Desakan Perppu KPK, Peneliti LIPI: Biar UU Jalan Dulu

Peneliti LIPI Wasisto Raharjo Jati menilai ada beberapa poin dari ICW logis, namun tak setuju jika perppu UU KPK diterbitkan berdasarkan desakan.
Pegawai KPK membawa bunga dan poster untuk dibagikan kepada warga di kawasan Bundaran HI Jakarta, Minggu (8/9/2019). Aksi tersebut untuk menolak revisi UU KPK yang dianggap melemahkan kewenangan lembaga anti rasuah itu. (Foto: Antara/Wahyu Putro A)

Jakarta - Peneliti Lembaga Ilmu Pengetahuan Indonesia (LIPI) Wasisto Raharjo Jati menilai ada beberapa poin yang masih logis dalam pernyataan Indonesia Corruption Watch (ICW) mengenai 10 konsekuensi yang akan timbul, jika Presiden Joko Widodo (Jokowi) tidak membuat keputusan untuk menerbitkan peraturan pemerintah pengganti undang-undang (perppu) Undang-Undang Komisi Pemberantasan Korupsi (KPK).

"Poin 1-5 masih logis karena itu langsung bersinggungan langsung dengan tupoksi KPK," ujar Wasisto kepada Tagar, Selasa, 8 Oktober 2019.

Namun, lima poin lainnya menurut Wasisto hanya analisis eksternal yang bicara soal dampak ke depan. "Ini lebih pada penyerdehanaan masalah nasional yang bertumpu pada KPK. Padahal ada faktor-faktor lain juga," tuturnya.

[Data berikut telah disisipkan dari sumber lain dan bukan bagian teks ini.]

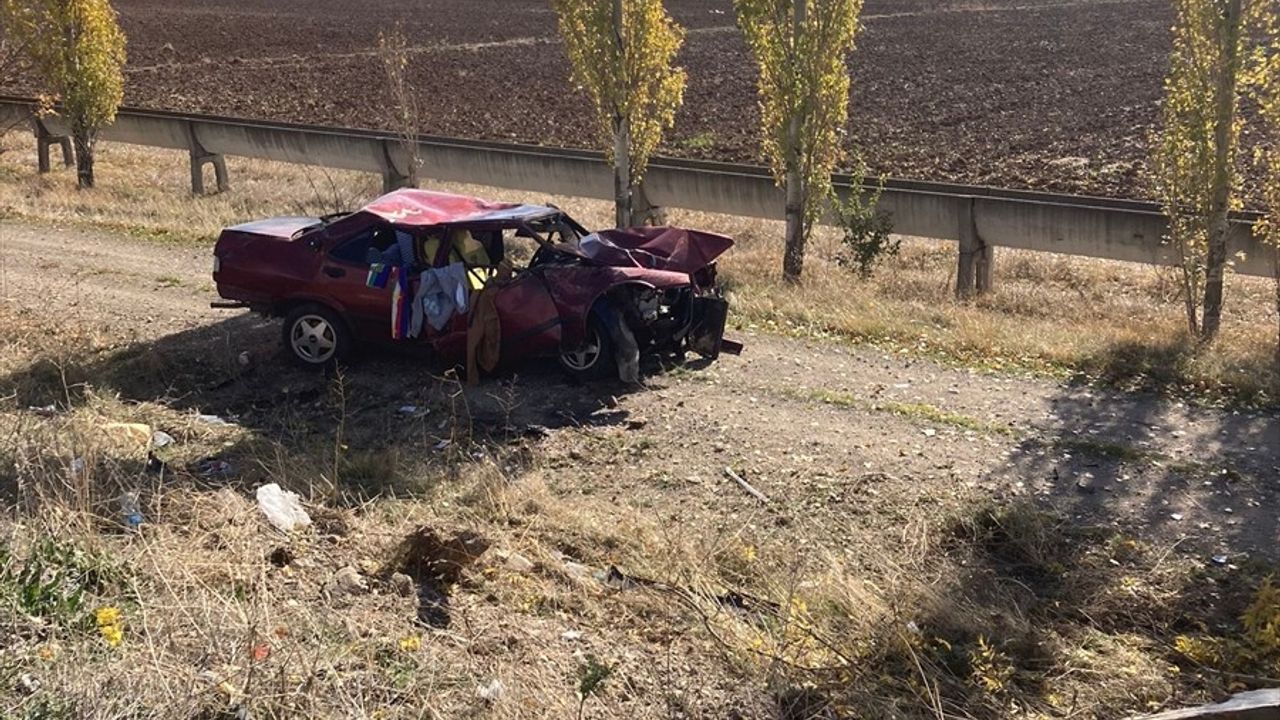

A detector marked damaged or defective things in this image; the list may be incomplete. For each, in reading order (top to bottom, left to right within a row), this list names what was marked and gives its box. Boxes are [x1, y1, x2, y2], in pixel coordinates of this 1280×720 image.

crushed car roof [360, 189, 560, 225]
wrecked maroon car [204, 189, 737, 381]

Hanya saja, ia tidak setuju jika Jokowi akhirnya menerbitkan perppu berdasarkan pada desakan berbagai pihak, misalnya dari lembaga swadaya masyarakat (LSM). Sebab, penerbitan perrpu tidak bisa mendadak karena tekanan,

Perppu kata dia, baru bisa dikeluarkan ketika uu tersebut sudah berjalan. "Dan selama proses implementasinya itu timbul polemik sehingga harus dievaluasi entah itu revisi UU atau perppu," ucapnya.

Perppu menurutnya bersifatnya temporer karena hanya solusi pemerintah tanpa pertimbangan Dewan Perwakilan Rakyat (DPR). Selain itu, perppu juga menyangkut dengan legitimasi pemerintah.

"Kalau uu yang sudah dibuat dan disahkan terus lantas diganti mendadak tanpa pernah tahu implementasinya. Itu akan mencoreng kredibilitas hukum kita," tuturnya.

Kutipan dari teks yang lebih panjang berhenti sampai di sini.